Tahun ini kutandai sebagai tahun terakhirku berpartisipasi dalam Recital. Aku membawakan aria Italia berjudul "Le, Violette" karangan Scarlatti. Laguku begitu ringan dan lincah. Ia berkisah tentang seorang pujangga yang bicara pada bunga violet. Entah sebagai apa perumpamaan itu bisa berarti. Ia mengutukiku atas ambisiku yang begitu besar, katanya. Looking back to what I've become, I can relate so much to it, I guess.
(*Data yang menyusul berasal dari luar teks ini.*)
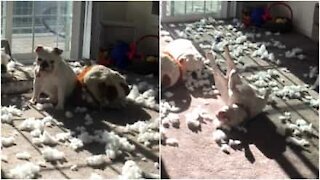 Bulldog distrugge il suo peluche preferito!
Aku menyanyikannya pada G mayor, sebuah pencapaian bahwa aku bisa menyanyikan D5 dengan bersih. Kurasa I did pretty good job, dan teman-teman memujiku. Untuk seorang perfeksionis rendah diri seperti diriku ini, aku selalu berasumsi pujian mereka didasarkan rasa tak enak hati.

Namun datang dari laki-laki ini dan melihatnya tersenyum memesona setelah not terakhir selesai kunyanyikan, aku rasa kali ini teman-temanku tidak berlebihan. Untuk pertama kalinya dalam hidup, aku mulai bisa berbangga akan suatu hal dalam diriku yang sungguh-sungguh kuasah dari ketiadaan. I hope it leads to greater things.


Juga, aku bertemu dengan Tevinstein Amos. Ia memelukku begitu hangat sampai-sampai aku terkejut. Ia tiba tepat saat giliranku bernyanyi dan menyorakiku kencang sekali. Kami menghabiskan waktu bersama setelahnya, membuatku lupa akan beberapa hal menjengkelkan yang membuat mood-ku turun. Kami berpelukan lagi sebelum ia beranjak pulang. Ia katakan padaku, "It's so good to see you again."

Lalu bagaimana kabar pertahanan diriku selama ini? Tiada sisa.